Does there exist a connection between a notion of training speed that captures within-training-set generalization in DNNs, and their test set generalization performance?

To apply the Bayesian intuition to neural networks requires us to map some of the concepts discussed earlier in the Bayesian setting to the risk minimization setting.

• Bayesian model $$\equiv$$ function approximator
• Posterior $$P(\theta|D) \equiv$$ Point estimate $$\theta^*$$
• $$\sum \log P(D_i|D_{<i}) \equiv \sum_{t=1}^T \ell(D_{i_t}, \theta_t)$$
• Marginal likelihood $$\equiv$$ generalization error

While there are many interesting lines of work framing stochastic gradient optimization as performing posterior sampling, in the analysis that follows we won’t be using this interpretation. Nor will we try to cast classifiers as computing unnormalized probability distributions. Instead, we’re going to focus on using minibatch SGD to measure how well model updates based on one subset of the data generalize to other subsets.

### Motivation: Minibatch Loss as a Risk Estimator

TL;DR: when you compute a minibatch gradient update, your loss on the next, disjoint minibatch gives you an idea of how well that gradient update will generalize to your test set.

### Empirical Results

We now ask whether the connection between $$\mathcal{L}(\mathcal{D})$$ and the weight assigned to a model in a linear model combination might also apply in some form to the deep learning setting. The lemma doing the heavy lifting in the proof of this result basically says that the weight assigned to a feature in a linear regression problem depending to some extent on that feature being fairly predictive of the target (modulo a bunch of assumptions). We make a similar conjecture for the weight assigned to activations in the penultimate layer of a neural network: features which are more predictive of the targets will be assigned higher weight. Because the final-layer weights and activations are trained concurrently, we expect that the notion of how predictive a node is will be more closely aligned with the SOTL definition rather than its final ‘training loss’.

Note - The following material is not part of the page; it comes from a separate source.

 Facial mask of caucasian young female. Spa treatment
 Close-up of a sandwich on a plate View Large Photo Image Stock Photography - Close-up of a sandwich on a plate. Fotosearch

To investigate this claim, we train a linear combination of models, and see whether the test loss correlates with the assigned model weight. We observe that SGD tends to upweight models that generalize better. This suggests that SGD may implicitly perform model selection. Interestingly, we see that this phenomenon also holds for subnetworks within a network. The above figure shows that SGD upweights sub-networks with lower SOTL. These results are far from the final word on the topic, and we believe they present an interesting direction for future work.

### Recap

The goal of this paper was to analyze the connection between Bayesian model selection and training speed in order to gain insight into how models generalize. We proposed a family of estimators of the marginal likelihood that measure a notion of training speed, and which depend only on samples from the posteriors of Bayesian models. We further showed that this quantity is equivalent to measuring how well updates based on one subset of the data generalize to other subsets, and that an analogous measure on deep neural networks also appears to empirically correlate with generalization error. Our results thus point both to a way of doing principled Bayesian model selection on families of models from which we can obtain posterior samples, and also to a direction of inquiry towards understanding generalization in complex function approximators based on optimization trajectories rather than only post-training quantities.